L’apprendimento per rinforzo (RL) ha iniziato ad essere impiegato per affrontare i problemi di processi decisionali sequenziali in numerosi campi diversi, inclusa la finanza. In particolare, ci concentreremo sul problema del market making, dove un agente deve continuamente quotare un prezzo bid al quale è disposto ad acquistare e un prezzo ask al quale è disposto a vendere un certo bene. Una volta scelti, l’agente invia un ordine limite di acquisto e un ordine limite di vendita, che vanno nella coda di un limit order book. Un ordine limite di acquisto viene quindi eseguito solo se c’è un ordine di vendita in arrivo con un prezzo inferiore o pari al prezzo di offerta quotato. Allo stesso modo, un ordine limite di vendita viene eseguito solo se esiste un ordine di acquisto in entrata con un prezzo maggiore o uguale al prezzo di domanda quotato. Il market maker guadagna un profitto pari alla differenza tra il prezzo ask e il prezzo bid se riesce a eseguire entrambi gli ordini. Altrimenti, se esegue solo l’ordine di acquisto, deterrà un inventario positivo, mentre se esegue solo l’ordine di vendita deterrà un inventario negativo.

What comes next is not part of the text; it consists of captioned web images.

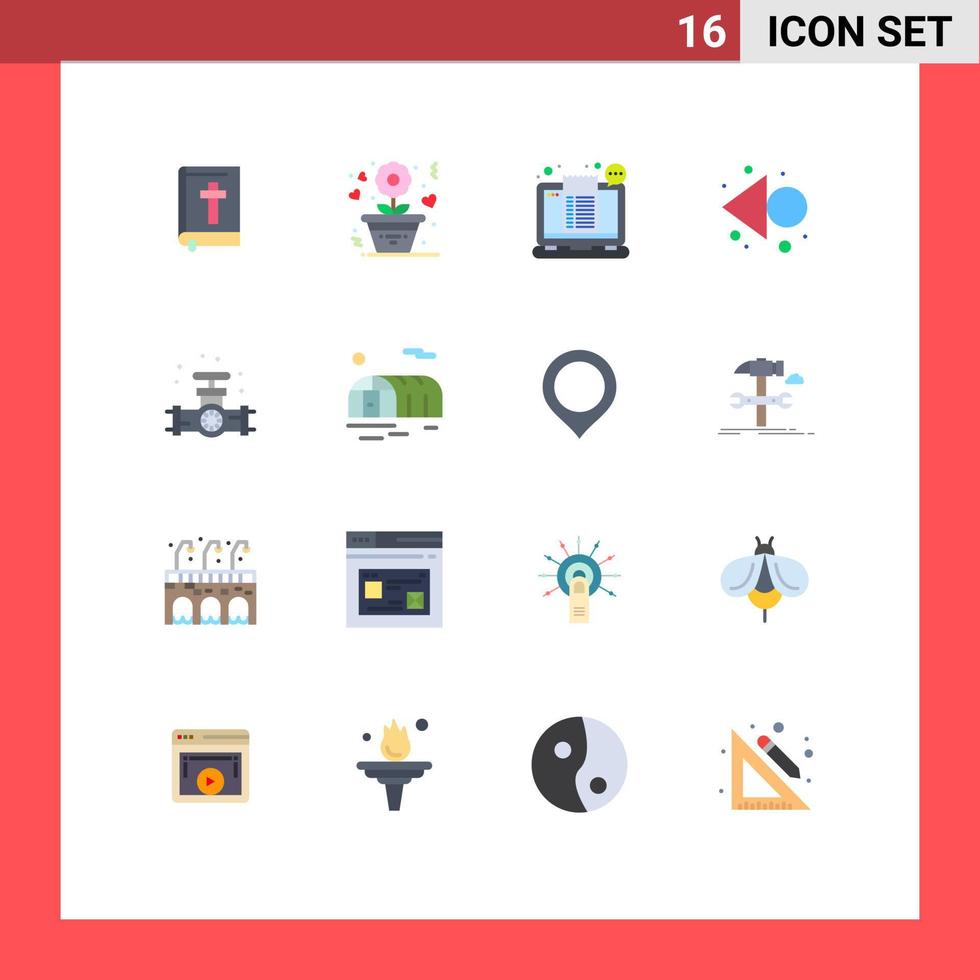 16 User Interface Flat Color Pack of modern Signs and Symbols of mechanical rewind bill left ticket Editable Pack of Creative Vector Design Elements
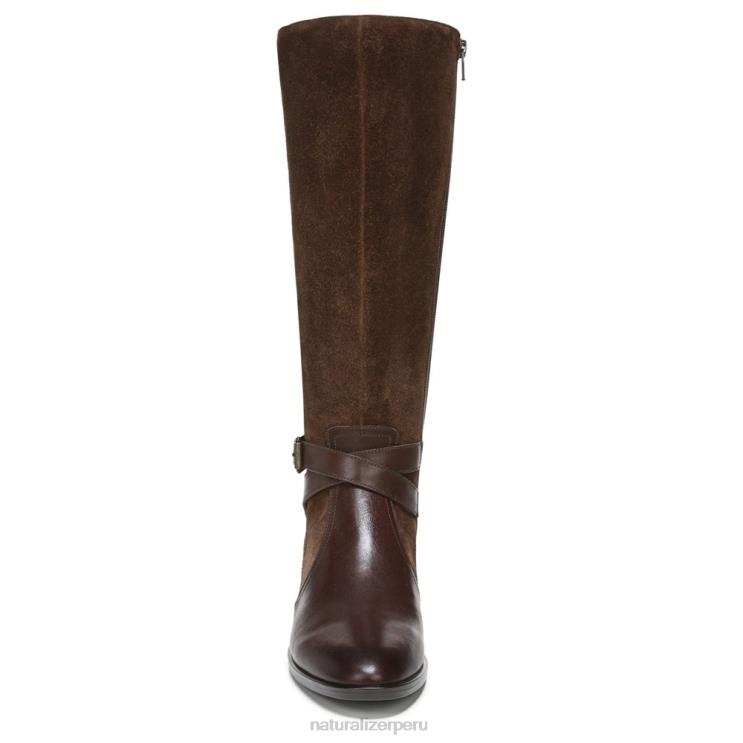 mujer Naturalizer barra de chocolate de cuero bota de montar rena de pantorrilla ancha RTZ4T255 - Imagen 4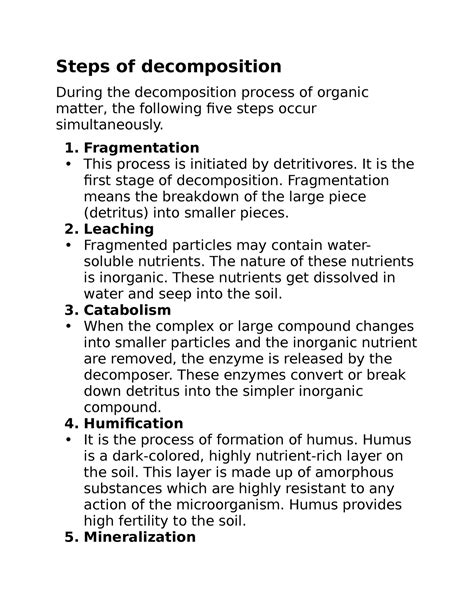 Bio 7 Notes Steps Of Decomposition During The Decomposition Process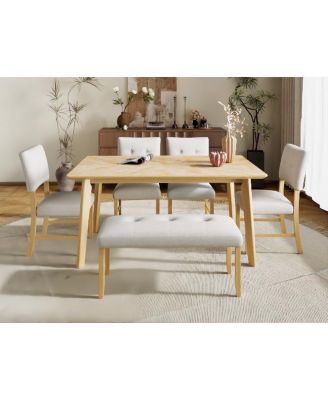 Retro Dining Table, Seats 6, Rubberwood Legs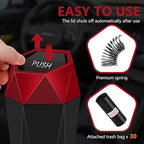 Car Trash Can with Lid - 2-Pack, Interior Accessories for Vehicles, Leakproof Garbage Can with 30 Detachable Trash Bags, Multipurpose Organizers and Storage Solutions for Home and Office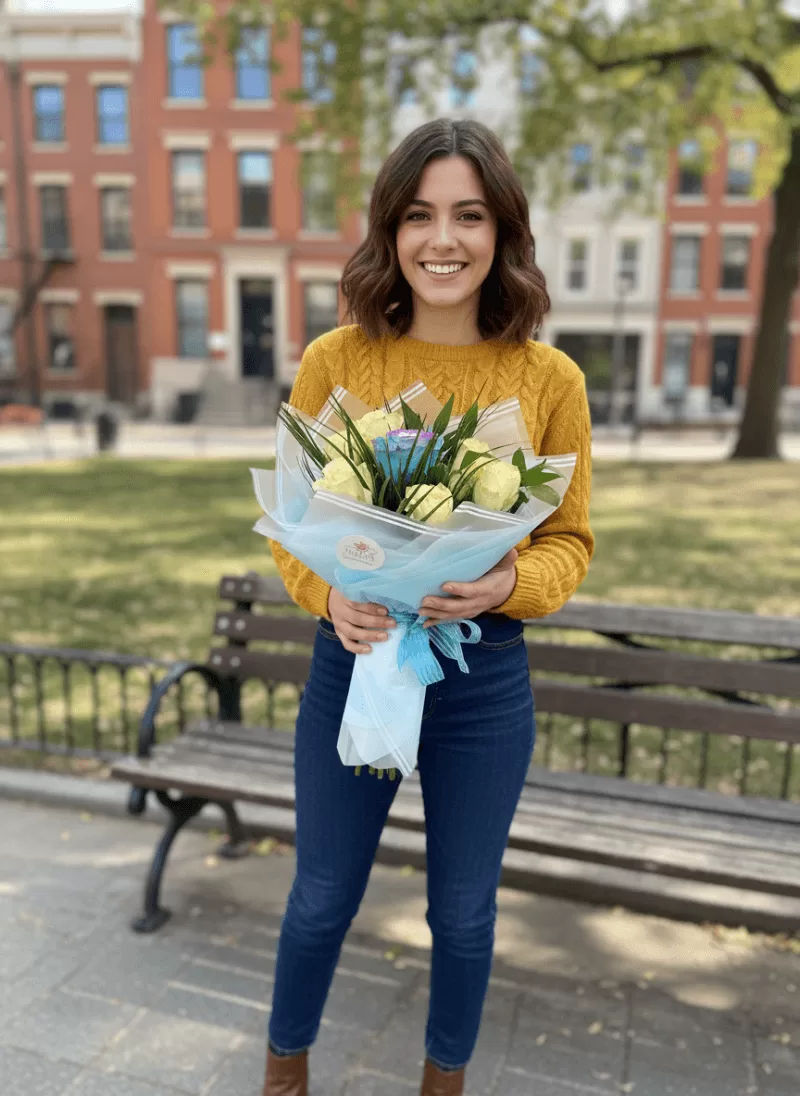 Mavi Esinti Gül Buketi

In entrambi i casi, detenere un inventario comporta un rischio legato ai movimenti del mercato. Per questo motivo, l’obiettivo del market maker è quello di scegliere i prezzi di bid e ask in modo da massimizzare il profitto che ottiene dall’esecuzione degli ordini riducendo al minimo l’inventario allo stesso tempo. Per fare ciò, ha bisogno di imparare a devire i prezzi per provare a vendere quando ha un inventario positivo e ad acquistare quando ha un inventario negativo. Il contributo principale di questa tesi è l’implementazione di un agente RL addestrato con l’algoritmo PPO che utilizza un simulatore del mercato chiamato ABIDES (Agent- Based Interactive Discrete-Event Simulation). Dopo aver provato a replicare alcuni lavori precedenti e aver provato ad addestrare l’agente con uno spazio degli stati composto da un gran numero di variabili, abbiamo ottenuto i risultati migliori quando abbiamo ridotto lo spazio degli stati a una singola variabile: l’inventario. Infatti, abbiamo confermato che la caratteristica fondamentale perché l’agente possa discriminare su quale azione eseguire è l’inventario, che vuole mantenere il più vicino possibile a 0.